Así escrita, con esa ortografía, se puede leer esta palabra en una lápida del cementerio de Cieza. Si no me creen, vayan a la replaceta que hay al entrar a mano derecha -el único lugar de nuestro campo santo donde los muertos están “enterrados” de verdad, en tumbas bajo tierra- y verán en una piedra esculpida la inscripción. El sepulcro es de principios del siglo XX y el término elegido para expresar lo mucho que representaba el difunto para su familia no pudo ser más sonoro y rotundo. Una sola palabra, “inorvidable”, bastó para decirlo todo.

Indirectamente, desde el punto de vista ortográfico, el vocablo presenta además, al saltarse la norma académica, un indudable interés social y lingüístico. Es una muestra viva de lo que ha sido (y es, en cierto modo) el habla popular de esta tierra.

No es la primera vez que me encuentro con un rótulo antiguo en el que la ortografía refleja el habla del pueblo. A finales de los 70 del siglo pasado, todavía se conservaba una placa de calle, al lado de la Erica del Hospicio, en la que podía leerse “Barrio de San Juaquín”.  Así escrito. Con su diptongo ciezano por encima de cualquier otra consideración. Tuve la feliz idea de echarle una foto. Y esa es una impronta que guardo como un tesoro, con el mayor cariño.

¿Que por qué decimos en Cieza “Juaquín” en lugar de “Joaquín”? Pues por una razón muy sencilla. Porque el diptongo “ua” es mucho más fácil de pronunciar que el hiato “oa”. Y porque Juaquín se compone de dos silabas y Joaquín de tres. También, a veces, en las cosas del lenguaje se procura economizar. Como en la cesta de la compra, vamos.

En “Inorvidable”, se produce otro fenómeno, la confusión de los fonemas líquidos /l/ y /r/, algo frecuente por aquí.
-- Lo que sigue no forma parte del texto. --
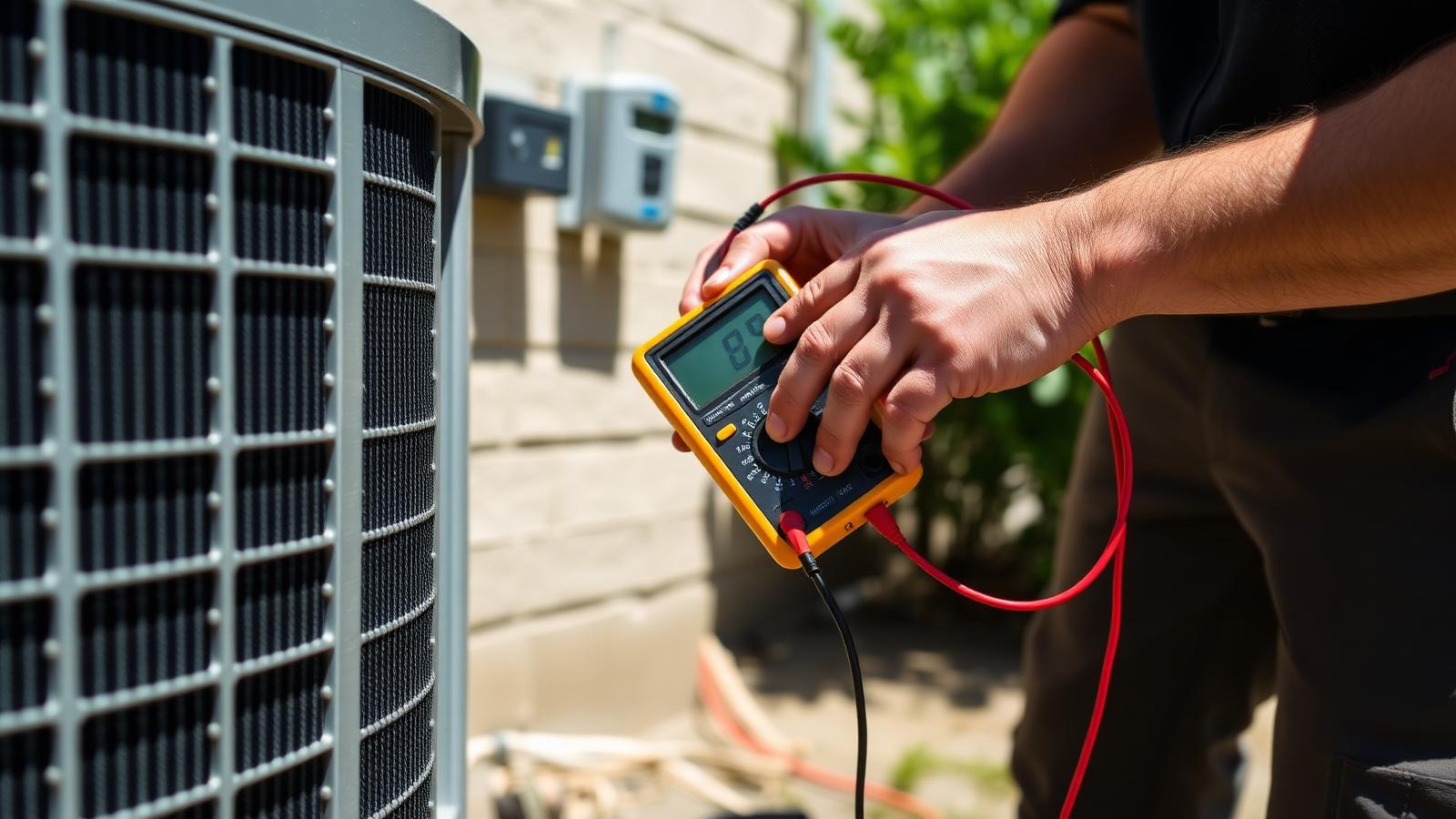 HVAC technician using a multimeter to diagnose an outdoor air conditioning condenser unit during an emergency repair call in Branson, MO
Una confusión que aparece desde los primeros testimonios de la lengua y que constituye un elemento de la evolución del castellano desde el latín. ¿Quién no ha oído decir a alguna abuela que tenía “la farda” guardada en el “almario”, o a algún abuelo exclamar en las mañanas de invierno: “¡Joel, qué helol que hace!”? Algo que hace sonreír a muchos hoy en día sin reparar, por ejemplo, en que el latín “arbor” da “árbol” en castellano, cambiando esa “or” final por “ol”.

Paradójicamente, esas palabras que me encantaban en boca de nuestros abuelos, porque le daban colorido y sonoridad propia al dialecto murciano, me resultan inadmisibles en boca de nuestros jóvenes que han tenido acceso a la educación. Más de una vez, de hecho, me he visto obligado a corregirlas, ya sea por imperativo académico o por “estética” de la lengua. Así de contradictorio soy –somos-, a veces.

“Inorvidable”, sin embargo, es una palabra que me propongo rescatar. Que estoy rescatando, de hecho. Nada hay más terrible que perder la memoria. La propia o la colectiva. La que fija los hechos de nuestra historia personal o la que evoca los acontecimientos de nuestra historia como pueblo o país. Somos memoria y sin ella no “existimos”, vino a decir Saramago. ¡Y qué razón tenía!

Por eso me duele, aunque no me extraña, que el PP haya impedido con su mayoría en el Senado que se investigue el caso de los llamados “trabajadores esclavos” del franquismo, así como los bombardeos nazis de 1938 sobre el Maestrazgo, conocidos como el Guernica valenciano. Seguimos teniendo un deber de memoria histórica y democrática que debemos culminar. Sin ningún ánimo de revancha, que no lo hay, pero sí de reconocimiento y reparación moral de quienes fueron víctimas de aquella barbarie.

Hay quienes quieren sepultar la memoria, como diría Cernuda, en “vastos jardines sin aurora”, allá lejos, donde habita el olvido. No lo permitamos. Vivir es recordar. Es hacer que lo que más queremos sea “inorvidable”.